In most bankruptcy cases, debtors have two different types of debt - secured and unsecured. If you have a secured debt, it means that the creditor has a legal right to an asset of yours in case you fail to make the required payments. A good example of a secured debt is mortgage. When a bank gives you a loan to pay for your house, the bank also secures a lien on it. So if you miss a mortgage payment, the bank can foreclose your house and take possession of it.
In a business bankruptcy case, secured debt can be very complicated. In many cases, business loans give creditors lien over intangible aspects of the business like, patents, trademarks or intellectual property. In a bankruptcy settlement, the secured debtors are always paid first.
History
Today bankruptcy is a voluntary state. In other words, people or businesses are not forced into bankruptcy. However, this was not always the case. A look at the history of bankruptcy shows that initially people were forced into bankruptcy and were also considered criminals. Very often they were also thrown into debtors’ prison and some were even executed.

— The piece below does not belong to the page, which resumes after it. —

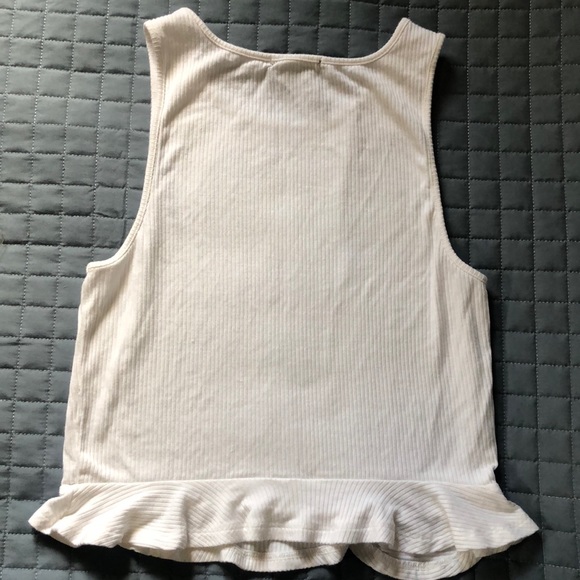 White Ribbed Crop Top☁️ - Picture 2 of 4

The word ‘bankruptcy’ has a very interesting origin. In Italy, there was a tradition of destroying the workbench of a tradesman who failed to pay his debts. The Italians used the phrase ‘banca rotta’ to describe this tradition - the word ‘bankruptcy’ is derived from this phrase.

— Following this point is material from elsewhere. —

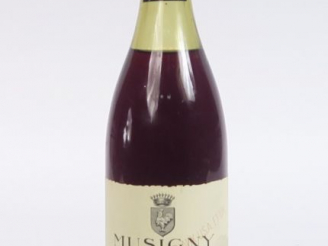 Vente aux enchères 1 BOUTEILLE MUSIGNY DOMAINE COMTES GEORGES DE VOGUE - 1967 - 4,6 CM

In the 1800s there were limited bankruptcy laws in the United States. They were passed to help the country through tough economic times. The Bankruptcy Act of 1898 can be identified as the first modern bankruptcy law in the United States. The Depression brought about many changes in this Act. These changes were brought about in the Bankruptcy Act of 1933, the Bankruptcy Act of 1934 and the Chandler Act of 1938. These changes gave individual debtors the power to have their debts discharged. Businesses and corporations were given the opportunity to modify their debts so that they could pay some of it.

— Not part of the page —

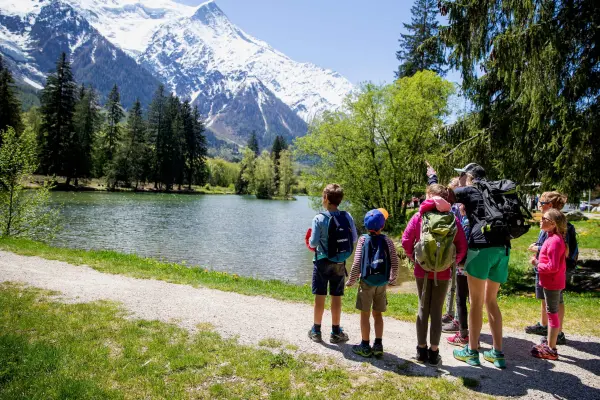 Groupe d'enfants en randonnée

The next landmark in the bankruptcy law came in 1978 when the Bankruptcy Reform Act was passed. It was this Act that created the various chapters in bankruptcy. It also expanded the powers and rights of individual debtors and businesses filing for bankruptcy.
This led to a dramatic increase in bankruptcy cases. There were backlog in bankruptcy courts. A need was felt to fast track small bankruptcy cases. Reform laws were passed to encourage people to opt for Chapter 13 instead of Chapter 7.
The latest changes in bankruptcy laws were introduced with the Bankruptcy Act of 2005. This Act has empowered the creditors to a certain extent. Furthermore, it has made Chapter 7 bankruptcies harder to file.
With the recent economic situation one can see more reforms in the bankruptcy laws. Overall, bankruptcy laws are there to help the debtors as well as the creditors. However, one should exercise this option only after careful consideration of the pros and cons of filing bankruptcy. Remember that filing for bankruptcy is not always the best option.